What graduate students who blog need to remember is that even if they later abandon their blog, it will not disappear. If their name is out there and associated with particular arguments, sentiments, claims, it can be found if someone really wishes to find it. Though I think it's pretty rare that someone does: I doubt if more than the smallest fraction of academics google their job candidates' names, for example.
Does my blogging, then, in the face of such uncertainty, really require an"unusually" large amount of fearlessness? It depends. The graduate student blogger is only unusually fearless if the most fearsome possibility imaginable is failure to secure a certain kind of academic job. And surely there are much greater things to fear which are far more usual. In comparison to many things, the fear of suffering the opprobrium of a tenure committee pales. Nonetheless, blogging as a graduate student or an untenured professor does require resolution unfortified by certainty. But it would be a sad thing indeed if this kind of fearlessness really is unusual in academia.
The kind of intellectual exploration that academic life is supposed to encourage often depends on venturing into the public sphere without the assurance of certain rewards or the guarantee of approbation. Perhaps, then, there is something to be said for graduate student blogging as an apprenticeship in learning to be animated by doubt, rather than disabled.
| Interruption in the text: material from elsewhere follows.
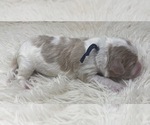 Small Photo #12 Goldendoodle Puppy For Sale in PIERSON, FL, USA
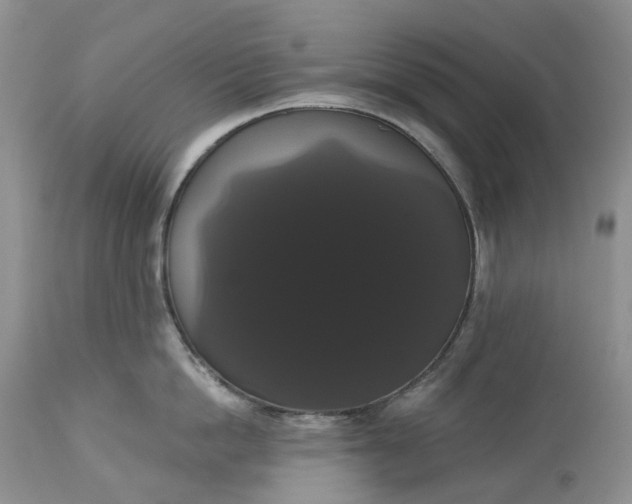 X0000113060862200909110913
It may seem that this kind of intellectual"fearlessness" -- the courage not to be paralyzed by doubt -- is of a different sort than the resolution required to blog despite agnosticism about professional gains. But I'm not sure those two kinds of resolution are unrelated. As Kloppenberg's book demonstrated, the decline of certainty in epistemology and metaphysics coincided historically with the rise of academic professionalization in philosophy. The gate-keeping procedures of modern university life are attempts to replace philosophical certainty with professional certification.
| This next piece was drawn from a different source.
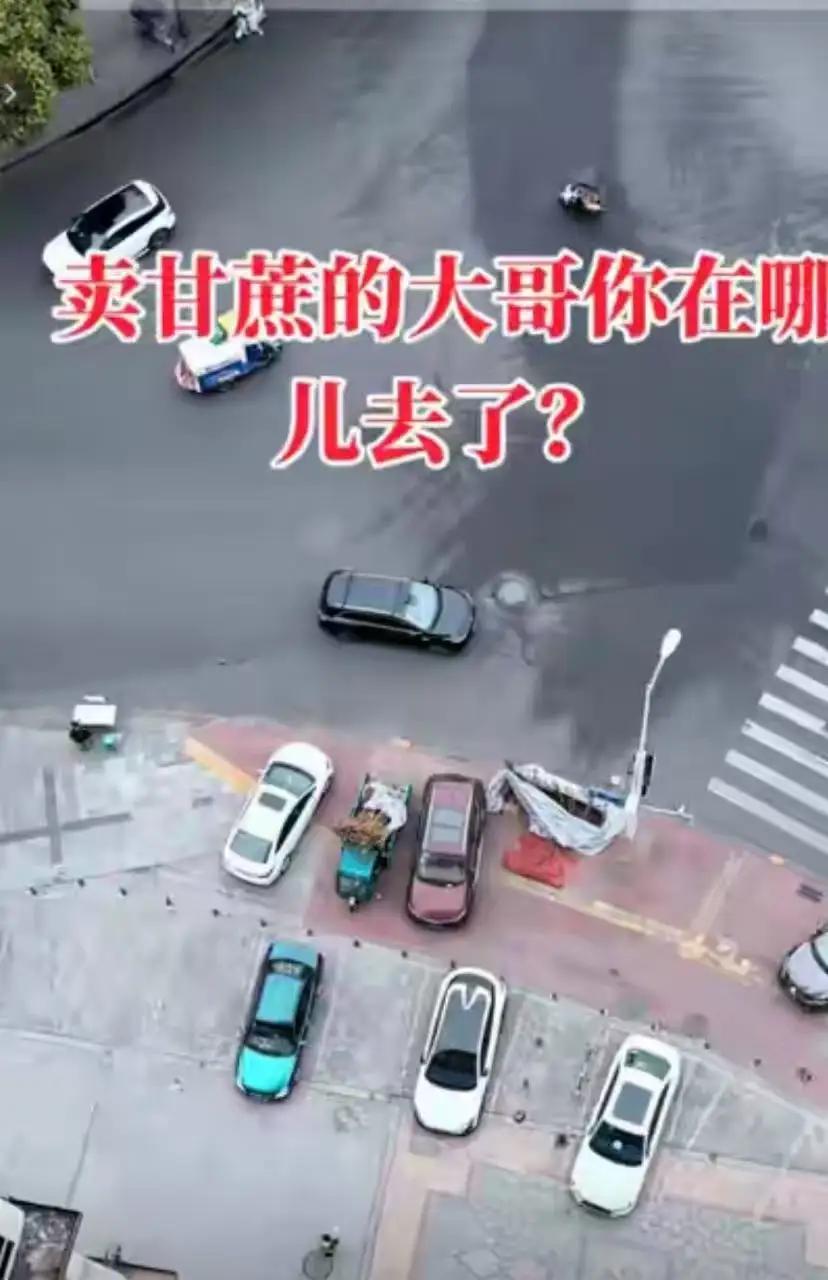 一车枯甘蔗牵动全城心：四川街头这场陌生人的善意，看哭全网在四川成都的街头，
Certification is the rough approximation that we have now for the epistemological certainty that thinkers before the nineteenth century usually possessed. It is a way of allowing us to continue to think, to learn, to teach, to adjudicate, even without the assurance of reaching solidly certain conclusions about intellectual matters. Professionalization, in other words, is a kind of intellectual therapy that keeps the modern mind from being disabled by its doubts. What would happen, then, if we allowed ourselves to be disabled by professional uncertainty? What would then fortify our convictions and keep us thinking?
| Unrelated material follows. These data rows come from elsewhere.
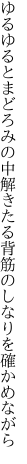 ゆるゆるとまどろみの中解きたる 背筋のしなりを確かめながら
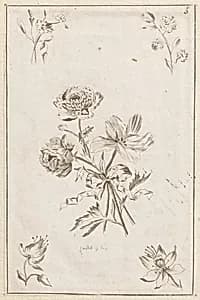 Print by Jean-Baptiste Pillement, French, 1728–1808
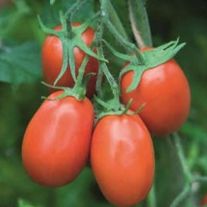 Томат "Торквей"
By pursuing this line of thought, I don't mean to exalt the blogging graduate student as the last action hero of academic life. On the contrary, to be an academic these days is, unfortunately, to be uncertain about what the virtues of intellectual heroism would look like. The hermeneutic of suspicion bequeathed to us by Kloppenberg's uncertain philosophers makes us equally suspicious of either triumphalism or dismissiveness when it comes to blogging or, for that matter, most other social practices. But given that we find ourselves in this doubt-full position, we must at least find practices that encourage us to keep moving despite our uncertainty -- either about our convictions or our careers. For me, at least, blogging has been a practice (like the best therapy) that is sometimes uncomfortable, but that slowly increases my range of intellectual motion and keeps me from being paralyzed by doubts. I don't claim to be unusually fearless by blogging; rather, what I'm trying to acquire is the usual quota of fearlessness (such as it is) required by contemporary academic life.